WHO calls for action to defeat neglected tropical diseases

Dengue fever, chikungunya, leprosy… the WHO called on Monday for more investment in the fight against neglected tropical diseases, from which more than 1.6 billion people suffer, pathologies neglected because they only affect the poorest countries of the world. world.

Neglected tropical diseases (NTDs) are prevalent in areas where safe water, sanitation and access to health care are poor.

“These diseases are + neglected + because they are almost absent from the global health agenda”, underlined the director general of the World Health Organization, Tedros Adhanom Ghebreyesus, in a message published on the occasion of the World NTD Day.

“Little funds are devoted to them and they come with stigma and social exclusion,” he added.

In 2021, around 1.65 billion people needed treatment for at least one of these NTDs, 80 million fewer than in 2020.

The number of people needing treatment has fallen over the past decade. They were still 2.19 billion in 2010, indicated the WHO in a new report.

But 16 countries account for 80% of the global NTD burden. They include the Democratic Republic of Congo, Egypt, Ethiopia, India, Nigeria, Pakistan, the Philippines and Tanzania.

Despite the difficulties in combating these diseases, 47 countries had eliminated at least one of them by the end of 2022. And eight of these countries had eliminated one in the last year alone.

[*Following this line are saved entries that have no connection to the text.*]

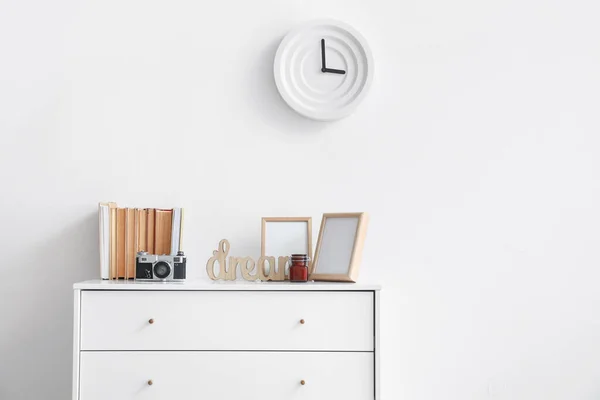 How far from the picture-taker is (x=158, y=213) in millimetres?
2047

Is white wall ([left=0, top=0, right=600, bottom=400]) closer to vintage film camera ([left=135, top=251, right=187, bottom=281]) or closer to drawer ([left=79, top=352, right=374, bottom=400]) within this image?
vintage film camera ([left=135, top=251, right=187, bottom=281])

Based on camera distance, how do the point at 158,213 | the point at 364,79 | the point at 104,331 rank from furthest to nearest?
the point at 364,79 → the point at 158,213 → the point at 104,331

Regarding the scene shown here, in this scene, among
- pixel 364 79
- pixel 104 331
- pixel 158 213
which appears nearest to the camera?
pixel 104 331

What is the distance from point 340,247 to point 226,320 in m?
0.38

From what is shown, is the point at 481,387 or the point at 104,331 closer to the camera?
the point at 104,331

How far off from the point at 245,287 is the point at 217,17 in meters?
0.88

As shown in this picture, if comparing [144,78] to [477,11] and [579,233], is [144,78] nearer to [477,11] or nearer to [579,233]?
[477,11]

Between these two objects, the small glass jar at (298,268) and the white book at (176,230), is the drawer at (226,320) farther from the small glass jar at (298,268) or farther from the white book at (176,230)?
the white book at (176,230)

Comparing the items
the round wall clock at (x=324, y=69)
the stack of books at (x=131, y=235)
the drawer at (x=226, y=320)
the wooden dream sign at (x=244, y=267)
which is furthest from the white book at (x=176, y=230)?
the round wall clock at (x=324, y=69)

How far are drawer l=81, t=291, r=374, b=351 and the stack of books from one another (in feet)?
0.59

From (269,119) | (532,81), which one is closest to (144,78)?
(269,119)

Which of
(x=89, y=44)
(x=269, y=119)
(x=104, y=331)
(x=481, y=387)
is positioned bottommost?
(x=481, y=387)

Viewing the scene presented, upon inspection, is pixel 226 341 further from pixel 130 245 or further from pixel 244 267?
pixel 130 245

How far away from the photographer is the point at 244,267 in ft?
6.56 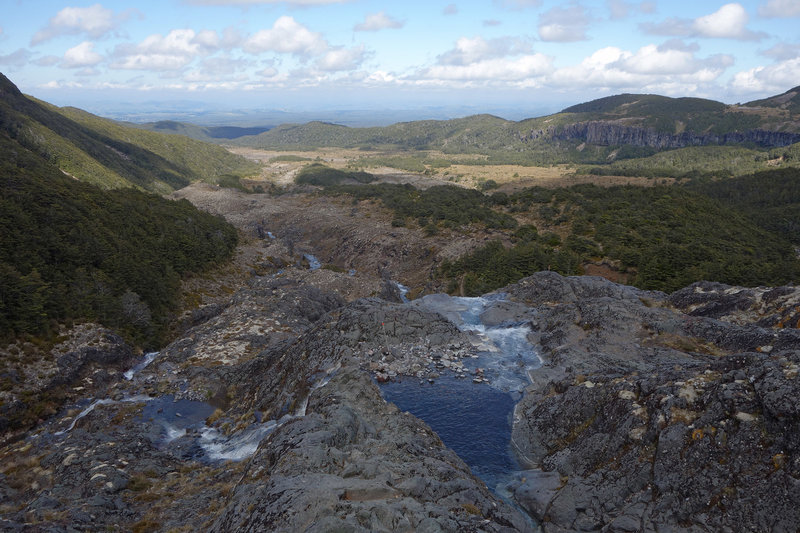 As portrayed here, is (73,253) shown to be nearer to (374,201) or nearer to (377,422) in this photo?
(377,422)

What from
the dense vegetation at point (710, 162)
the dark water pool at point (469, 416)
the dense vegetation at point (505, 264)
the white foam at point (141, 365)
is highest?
the dense vegetation at point (710, 162)

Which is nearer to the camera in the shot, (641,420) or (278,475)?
(278,475)

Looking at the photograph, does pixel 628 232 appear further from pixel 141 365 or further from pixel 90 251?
pixel 90 251

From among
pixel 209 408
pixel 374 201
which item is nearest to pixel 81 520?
pixel 209 408

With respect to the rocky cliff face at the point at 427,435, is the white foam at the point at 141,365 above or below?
below

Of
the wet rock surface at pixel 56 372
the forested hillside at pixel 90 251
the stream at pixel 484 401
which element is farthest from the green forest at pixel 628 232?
the wet rock surface at pixel 56 372

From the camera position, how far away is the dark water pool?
64.4 ft

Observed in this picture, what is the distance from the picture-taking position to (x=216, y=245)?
65812mm

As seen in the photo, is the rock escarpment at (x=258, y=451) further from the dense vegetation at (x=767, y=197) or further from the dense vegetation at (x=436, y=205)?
the dense vegetation at (x=767, y=197)

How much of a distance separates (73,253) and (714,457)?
167 ft

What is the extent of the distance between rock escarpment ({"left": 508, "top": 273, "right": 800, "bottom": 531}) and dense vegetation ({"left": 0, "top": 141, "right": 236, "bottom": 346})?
36992mm

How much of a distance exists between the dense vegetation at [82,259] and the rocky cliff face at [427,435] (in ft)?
18.9

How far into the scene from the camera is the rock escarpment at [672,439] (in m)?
12.4

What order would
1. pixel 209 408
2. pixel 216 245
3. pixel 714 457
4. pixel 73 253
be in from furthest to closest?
pixel 216 245, pixel 73 253, pixel 209 408, pixel 714 457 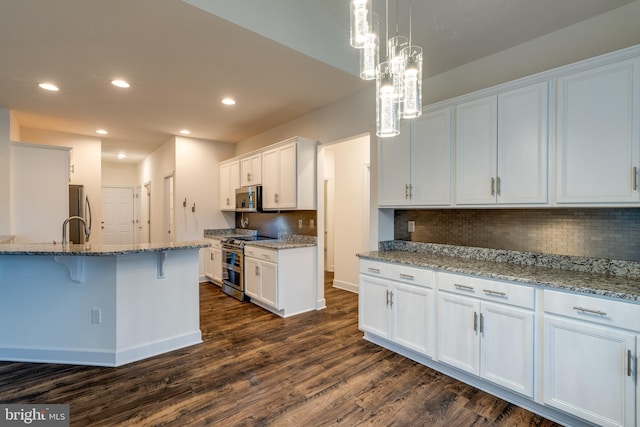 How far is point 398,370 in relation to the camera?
259 centimetres

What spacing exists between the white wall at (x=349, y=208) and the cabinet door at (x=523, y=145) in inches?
107

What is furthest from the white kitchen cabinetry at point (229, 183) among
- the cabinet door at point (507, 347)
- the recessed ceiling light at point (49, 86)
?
the cabinet door at point (507, 347)

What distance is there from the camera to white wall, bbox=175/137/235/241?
5.58 meters

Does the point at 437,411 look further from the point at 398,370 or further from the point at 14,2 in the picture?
the point at 14,2

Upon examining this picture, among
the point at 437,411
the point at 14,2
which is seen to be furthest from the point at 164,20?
the point at 437,411

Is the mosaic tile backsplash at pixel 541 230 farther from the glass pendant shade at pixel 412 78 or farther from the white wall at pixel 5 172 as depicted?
the white wall at pixel 5 172

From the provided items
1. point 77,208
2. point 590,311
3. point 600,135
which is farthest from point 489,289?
point 77,208

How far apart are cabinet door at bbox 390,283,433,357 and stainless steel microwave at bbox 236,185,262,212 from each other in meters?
2.65

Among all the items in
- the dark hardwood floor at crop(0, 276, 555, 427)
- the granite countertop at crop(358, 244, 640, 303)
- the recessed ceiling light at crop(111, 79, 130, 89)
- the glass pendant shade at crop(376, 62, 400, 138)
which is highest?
the recessed ceiling light at crop(111, 79, 130, 89)

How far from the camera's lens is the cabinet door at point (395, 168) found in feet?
9.86

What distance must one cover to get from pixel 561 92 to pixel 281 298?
3393 millimetres

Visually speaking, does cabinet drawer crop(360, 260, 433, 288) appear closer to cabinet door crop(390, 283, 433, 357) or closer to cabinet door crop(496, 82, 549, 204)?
cabinet door crop(390, 283, 433, 357)

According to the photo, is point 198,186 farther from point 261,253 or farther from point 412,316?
point 412,316

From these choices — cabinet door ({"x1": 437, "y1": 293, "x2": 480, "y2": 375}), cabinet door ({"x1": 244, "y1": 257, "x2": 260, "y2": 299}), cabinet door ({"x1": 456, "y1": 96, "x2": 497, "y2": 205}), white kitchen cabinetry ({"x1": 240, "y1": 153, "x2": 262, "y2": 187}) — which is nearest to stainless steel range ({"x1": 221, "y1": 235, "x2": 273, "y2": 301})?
cabinet door ({"x1": 244, "y1": 257, "x2": 260, "y2": 299}) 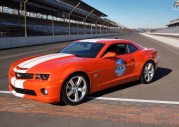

“Worldwide, millions of people have been freed from the burden of neglected tropical diseases,” said Dr. Tedros, while emphasizing that much remains to be done.

“The good news is that we have the tools and the know-how to not only save lives and prevent suffering, but also to free entire communities and countries from these diseases,” he said. .

– “It’s time to act” –

NTDs are a diverse group of 20 conditions that occur mainly in tropical areas, where they affect poorer communities. These diseases, such as Chagas disease, dengue fever, chikungunya and leprosy, are caused by different pathogens (viruses, bacteria, parasites, fungi and toxins).

Their epidemiology is complex and often linked to environmental conditions. Many of them are transmitted by vectors, come from animal reservoirs and are associated with “complex life cycles”, according to the WHO.

All these factors make the fight against these diseases difficult in terms of public health.

In addition, the Covid-19 pandemic and the evolution in the field of financing, make the fight against NTDs difficult.

“It is time to act now, to act together and invest in NTDs,” urged Dr Tedros.

According to the director of the NTD department at the WHO, Dr. Socé Fall, these diseases are neglected by the international community because they do not affect developed countries.

By way of comparison, he pointed out that the fight against Mpox (formerly called monkeypox) only began when the disease started spreading in wealthy countries last year, when the disease had been endemic for many years in African countries.

“We are far” from reaching the level of investment needed to fight NTDs, he told reporters last Friday.

“Now is the time to have more equity. We must protect people wherever they are, and whatever their social condition,” he asked.